PROBLEM STATEMENT: An exact copy of the data below is needed; please leave out any pictures.

DATASET EXCERPT:
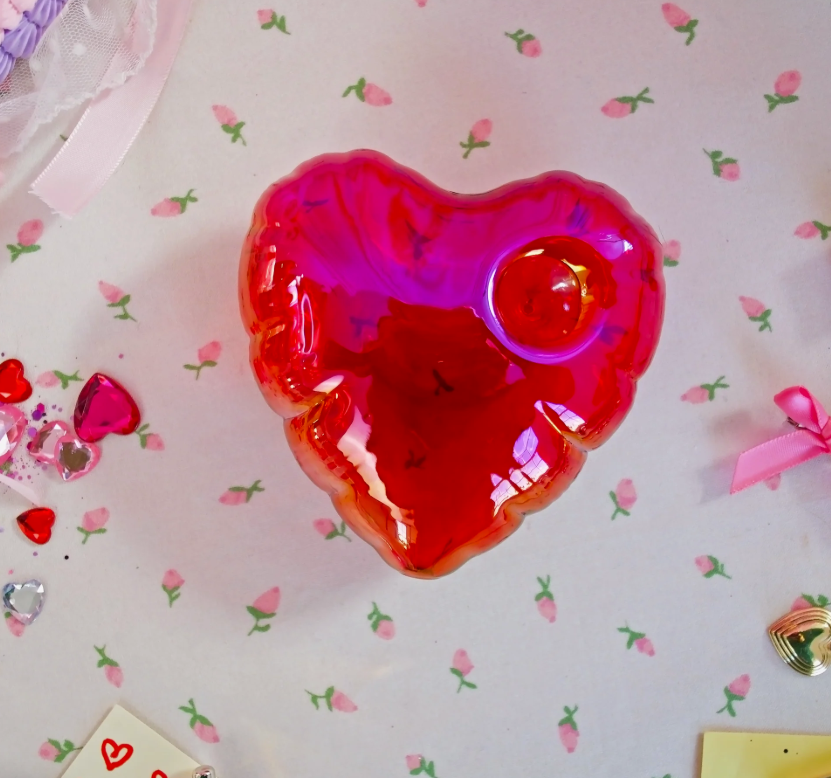 Photograph of product: Balloon Heart Pipe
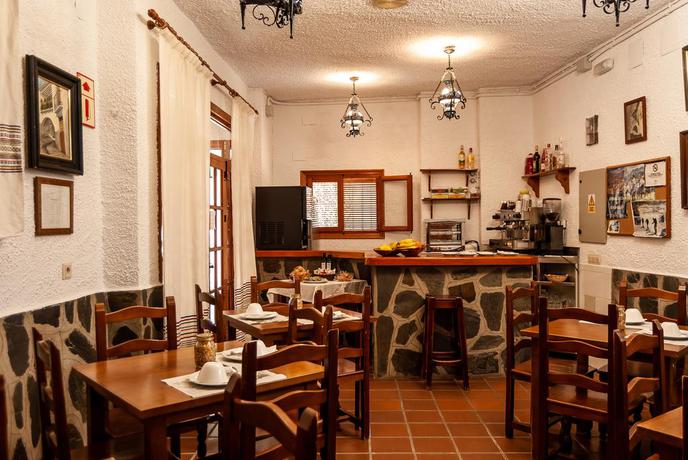 Imagen del bar/restaurante del Hotel La Fragua I. Foto 3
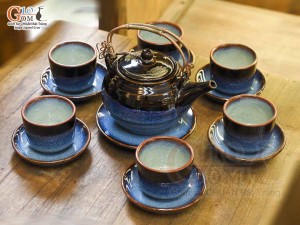 Bộ ấm chén dáng tròn quai đồng men hỏa biến xanh đá, 350ml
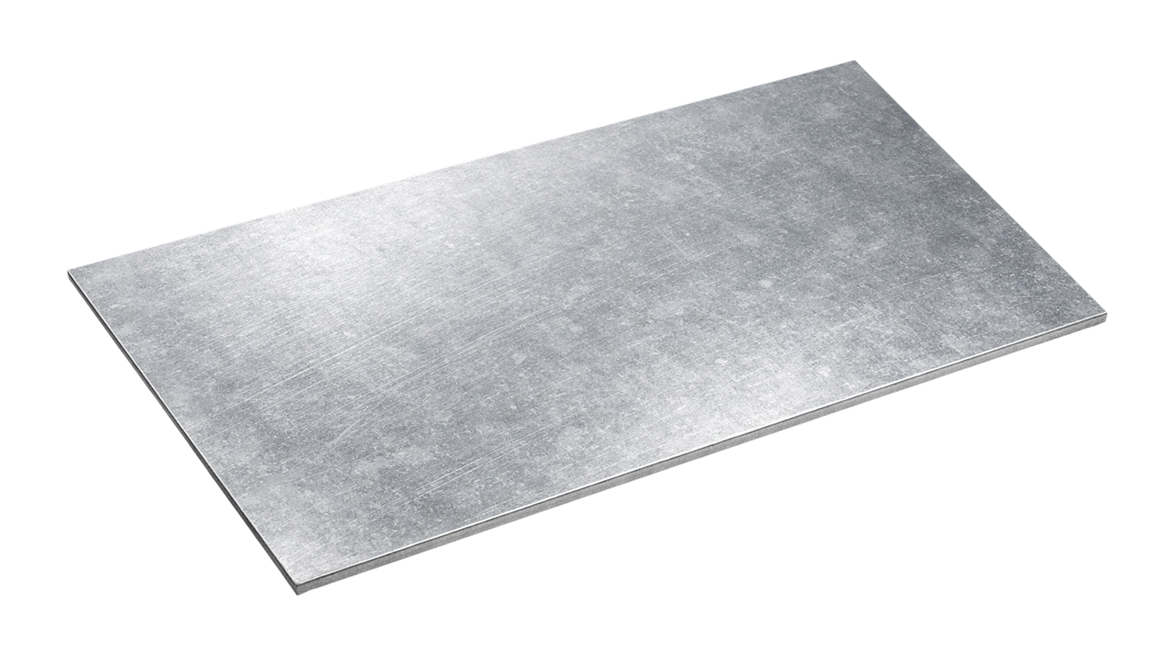 Серый металлический лист с гладкой оцинкованной поверхностью на светлом фоне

EXPECTED ANSWER:
 Photograph of product: Balloon Heart Pipe
 Imagen del bar/restaurante del Hotel La Fragua I. Foto 3
 Bộ ấm chén dáng tròn quai đồng men hỏa biến xanh đá, 350ml
 Серый металлический лист с гладкой оцинкованной поверхностью на светлом фоне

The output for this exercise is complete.